The User Experience and Interaction Research Centre hosts several research projects. Projects are predominantly performed by in-house faculty researchers and students, but also in collaboration with other research and industry partners. Here, we list the most notable ongoing projects. The project listed here also represent some of the application areas, in which we are interested and in general, are connected to research areas pursued elsewhere at the faculty. More projects, especially those done as parts of student final theses can be found here.

Analysis of user feedback in software applications – In the project, we focus on learnability and ergonomics of use of user interfaces in selected domains (internet banking, ordering systems of telecom operators)

Classifying eye tracking data with neural networks – In this project, large and loosely structured volumes of data streaming from sensors of implicit feedback are processed by neural networks, which have the task of detecting patterns in the streams. Using this approach, it is possible to effectively detect unexpected problems in application usability.

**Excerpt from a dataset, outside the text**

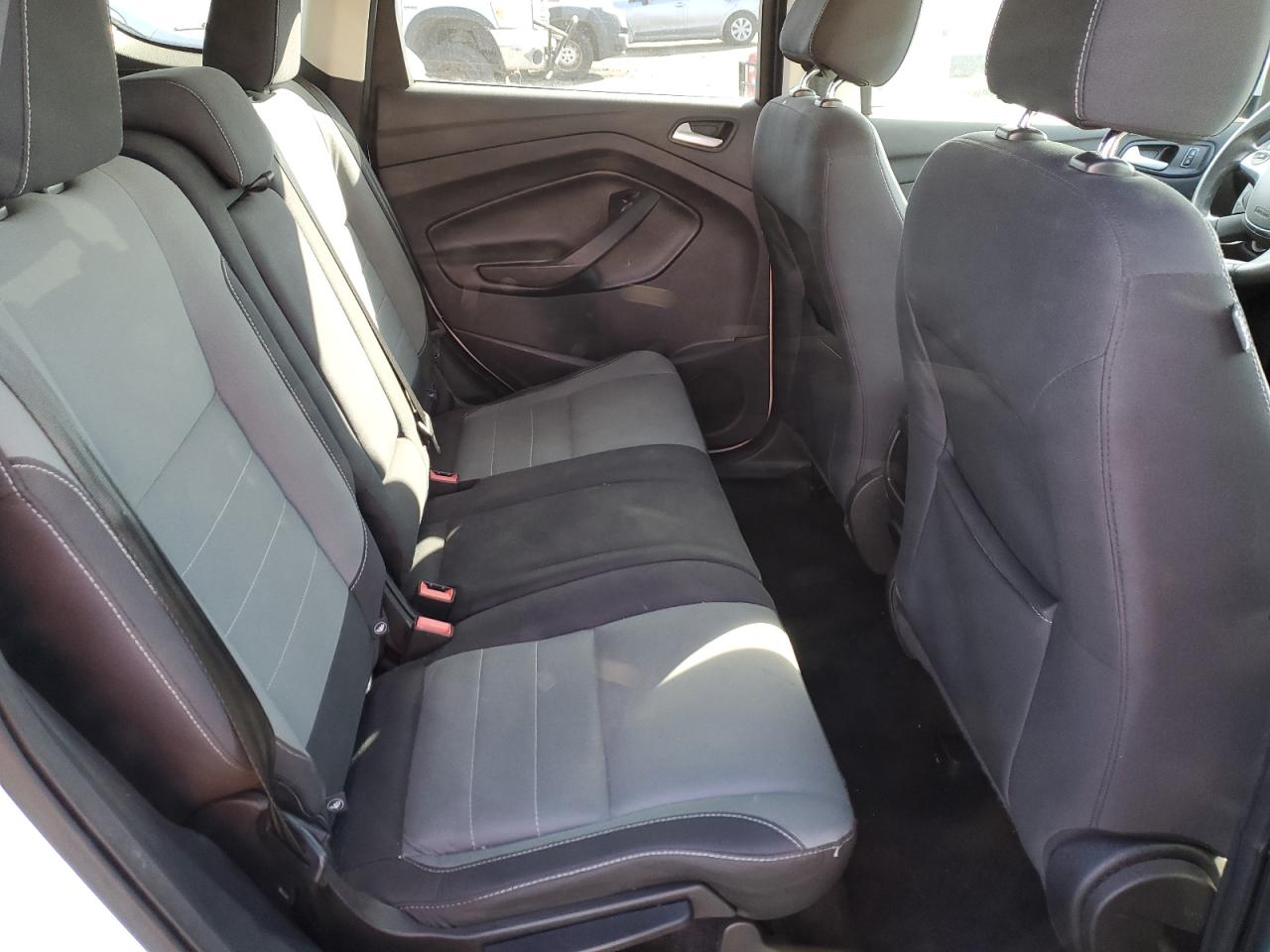 2016 Ford Escape - Image 11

Dynamic regions of interest on the Web – The project is focused on creation of a technology for easy collecting of implicit feedback on dynamic web pages (e.g., pages that often change their appearance during a single session). Execution of user studies on such pages in standard conditions is burdensome, as it requires manual resizing and repositioning of areas of interest in eye tracking analytical tools. In this project, we bypass the problem by translation of raw gaze coordinates to logical components of the web pages – the DOM objects.

Automatic measurement of application learnability – Here, methods for automated evaluation of learnability for computer games are developed. We add an extra source of information to traditional playtesting – the eye tracking. The eye tracking is not invasive and can assess the player’s behaviour in more detail. The method compares expected interaction scenarios defined by game designer to real playtest session data, acquired by eye tracker.

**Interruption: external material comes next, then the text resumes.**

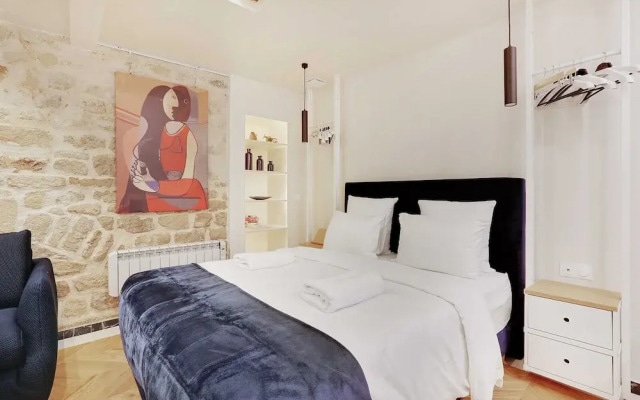 Elegant 4P Studio in the Heart of Montmartre - Paris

Detection of deception in questionnaire filling – During filling of the online questionnaires, problems arise concerning reliability of data in-put by participants and even malicious behaviour. Implicit feedback can help to identify cases, when the user was deliberately or unconsciously providing misleading or false information.

EyeCrowd (employment of eye-tracking in crowdsourcing) – The project goal is to merge two current research areas, the crowdsourcing (the use of wide group of lay people to solve human intelligence tasks) and eye tracking. The motivation to this, sources from the lack of knowledge about how the crowd workers execute their tasks. Employment of eye tracking, as well as other implicit feedback sources, can shed light on the process and increase the potential for its output quality control.